Hablar de confianza es hablar de comunicación. El éxito de cualquier relación –profesional, de amistad, de pareja...– reside en un buen nivel de comunicación, y un buen nivel de comunicación tiene como materia prima básica la confianza. Sin confianza no hay comunicación. Uno se mantiene hermético y cerrado, no pone sobre la mesa lo que siente y piensa; está retraído y cohibido; esposado de pies y manos. No puede ser uno mismo, y así es difícil que cualquier relación avance. Peter Drucker siempre dijo que «el 60% de los problemas empresariales son consecuencia de una mala comunicación». A nosotros, con el permiso de Drucker, nos gusta decir que el 60% como mínimo.

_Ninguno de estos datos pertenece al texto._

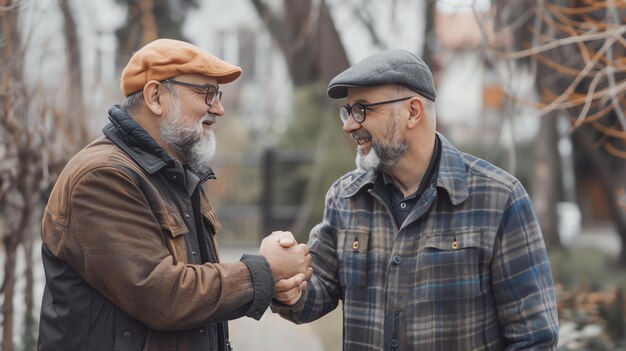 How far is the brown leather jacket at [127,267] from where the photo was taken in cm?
271

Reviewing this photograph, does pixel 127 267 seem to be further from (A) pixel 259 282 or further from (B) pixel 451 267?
(B) pixel 451 267

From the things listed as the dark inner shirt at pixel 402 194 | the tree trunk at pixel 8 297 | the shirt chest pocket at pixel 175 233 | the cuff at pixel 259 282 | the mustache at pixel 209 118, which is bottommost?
the tree trunk at pixel 8 297

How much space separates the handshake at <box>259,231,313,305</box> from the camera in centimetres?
309

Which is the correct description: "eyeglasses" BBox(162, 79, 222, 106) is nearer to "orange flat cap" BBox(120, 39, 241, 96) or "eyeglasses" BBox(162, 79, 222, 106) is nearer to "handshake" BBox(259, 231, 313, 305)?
"orange flat cap" BBox(120, 39, 241, 96)

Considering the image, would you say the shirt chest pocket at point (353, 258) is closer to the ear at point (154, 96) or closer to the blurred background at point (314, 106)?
the ear at point (154, 96)

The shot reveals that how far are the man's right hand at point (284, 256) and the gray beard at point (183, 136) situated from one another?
1.34 feet

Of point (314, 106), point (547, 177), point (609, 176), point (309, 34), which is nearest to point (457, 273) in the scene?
point (309, 34)

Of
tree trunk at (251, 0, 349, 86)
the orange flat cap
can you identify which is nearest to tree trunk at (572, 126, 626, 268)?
tree trunk at (251, 0, 349, 86)

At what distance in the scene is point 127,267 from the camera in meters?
2.70

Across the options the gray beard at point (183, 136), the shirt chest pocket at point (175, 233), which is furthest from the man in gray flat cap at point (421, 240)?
the gray beard at point (183, 136)

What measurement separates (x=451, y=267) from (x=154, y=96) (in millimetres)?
1201

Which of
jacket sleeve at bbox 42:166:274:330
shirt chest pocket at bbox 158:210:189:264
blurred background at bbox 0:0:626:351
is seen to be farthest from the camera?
blurred background at bbox 0:0:626:351

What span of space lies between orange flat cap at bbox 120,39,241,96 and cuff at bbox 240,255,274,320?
0.68m

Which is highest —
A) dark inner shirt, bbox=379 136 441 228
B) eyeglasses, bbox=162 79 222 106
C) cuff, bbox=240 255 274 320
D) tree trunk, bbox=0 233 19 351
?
eyeglasses, bbox=162 79 222 106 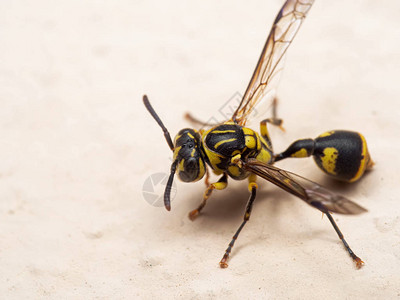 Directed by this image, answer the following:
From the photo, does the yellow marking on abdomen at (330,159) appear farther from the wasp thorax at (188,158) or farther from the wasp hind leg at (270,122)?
the wasp thorax at (188,158)

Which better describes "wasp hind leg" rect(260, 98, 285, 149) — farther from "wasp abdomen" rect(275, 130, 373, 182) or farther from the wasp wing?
the wasp wing

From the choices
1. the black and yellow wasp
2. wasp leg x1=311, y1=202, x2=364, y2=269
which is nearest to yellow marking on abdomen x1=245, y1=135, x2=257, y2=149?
→ the black and yellow wasp

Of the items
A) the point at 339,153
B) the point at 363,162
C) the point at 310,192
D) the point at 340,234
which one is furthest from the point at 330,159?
the point at 310,192

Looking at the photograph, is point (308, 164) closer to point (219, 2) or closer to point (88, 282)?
point (88, 282)

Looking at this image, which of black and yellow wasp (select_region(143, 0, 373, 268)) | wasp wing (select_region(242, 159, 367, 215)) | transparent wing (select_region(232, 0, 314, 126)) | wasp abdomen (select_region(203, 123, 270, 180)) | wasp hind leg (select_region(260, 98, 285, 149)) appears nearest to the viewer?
wasp wing (select_region(242, 159, 367, 215))

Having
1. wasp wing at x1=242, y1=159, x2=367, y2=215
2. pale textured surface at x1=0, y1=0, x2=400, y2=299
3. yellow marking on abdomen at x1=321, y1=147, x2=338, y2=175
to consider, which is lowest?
pale textured surface at x1=0, y1=0, x2=400, y2=299

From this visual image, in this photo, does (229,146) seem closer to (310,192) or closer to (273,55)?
(310,192)

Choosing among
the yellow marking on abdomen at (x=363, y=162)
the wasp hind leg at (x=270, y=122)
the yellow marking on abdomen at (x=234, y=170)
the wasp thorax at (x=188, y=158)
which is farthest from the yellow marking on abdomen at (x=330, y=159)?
the wasp thorax at (x=188, y=158)

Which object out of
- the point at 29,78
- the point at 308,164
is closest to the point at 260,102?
the point at 308,164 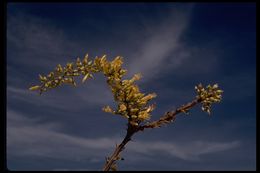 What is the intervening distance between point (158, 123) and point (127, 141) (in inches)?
31.3

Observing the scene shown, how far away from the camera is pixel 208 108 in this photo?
10.3 meters

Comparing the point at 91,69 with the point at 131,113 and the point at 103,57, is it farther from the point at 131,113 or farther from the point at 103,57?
the point at 131,113

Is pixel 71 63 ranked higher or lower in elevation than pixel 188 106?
higher

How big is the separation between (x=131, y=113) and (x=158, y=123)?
676 millimetres

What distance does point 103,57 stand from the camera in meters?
10.5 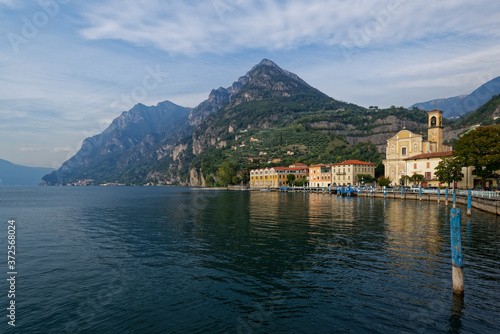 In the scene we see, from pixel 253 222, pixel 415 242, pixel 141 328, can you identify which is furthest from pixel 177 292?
pixel 253 222

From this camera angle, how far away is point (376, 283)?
583 inches

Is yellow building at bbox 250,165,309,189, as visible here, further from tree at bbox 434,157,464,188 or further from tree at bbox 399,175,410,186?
tree at bbox 434,157,464,188

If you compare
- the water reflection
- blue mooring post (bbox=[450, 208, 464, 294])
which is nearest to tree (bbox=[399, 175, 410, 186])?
blue mooring post (bbox=[450, 208, 464, 294])

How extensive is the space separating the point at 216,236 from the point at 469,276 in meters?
18.9

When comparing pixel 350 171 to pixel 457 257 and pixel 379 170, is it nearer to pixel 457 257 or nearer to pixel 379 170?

La confianza es pasto de proyectos; es el germen de la creatividad; abono para que el talento despliegue las alas; semilla que permite sacar lo mejor de cada uno; factor incalculable que impulsa a crear. Cuando hay confianza, todo talento parece mejor de lo que es; se expande y alcanza límites insospechados. Como apunta Álex Rovira: «Los límites del desarrollo humano en lo emocional y conceptual, no existen. Una persona que esté muy mal, si le pones buena tierra y buena sombra puedes hacerla crecer y crecer y crecer...».

La confianza actúa como factor de apalancamiento; se retroalimenta; o dicho con palabras de Rosabeth Moss Kanter, profesora de la Harvard Business School, en su libro «Confianza» (Granica, 2006): «La acción de confiar es el factor clave que les permite a las personas vulgares y corrientes alcanzar altos niveles de rendimiento a través de rutinas que promueven su talento. Las rachas de fracasos se producen cuando las personas pierden la confianza en sus líderes, mientras que las rachas de éxitos se deben en su mayoría al trabajo de personas que confían en sus propias habilidades, en las habilidades de sus jefes y en el sistema para el que trabajan”. Y añade: “ en las rachas ganadoras, la confianza se fortalece y ayuda a impulsar una tradición de éxito. En las rachas perdedoras, la confianza se debilita y su ausencia hace que sea más difícil dejar de perder (...). La confianza es el puente que conecta las expectativas y el rendimiento, la inversión y los resultados (...). En su camino ascendente, el éxito crea un impulso positivo; en su trayecto descendente, el fracaso se alimenta de sí mismo. Los ciclos de crecimiento generan optimismo, mientras que los ciclos de deterioro propician el pesimismo. Estos estados anímicos ayudan a predecir las posibilidades de cada empresa. Los grupos que pasan por una buena racha van de éxito en éxito; los perdedores, en cambio, parecen destinados a fracasar una y otra vez (...). Tanto en los deportes como en los negocios, son usuales los patrones persistentes de triunfo y fracaso».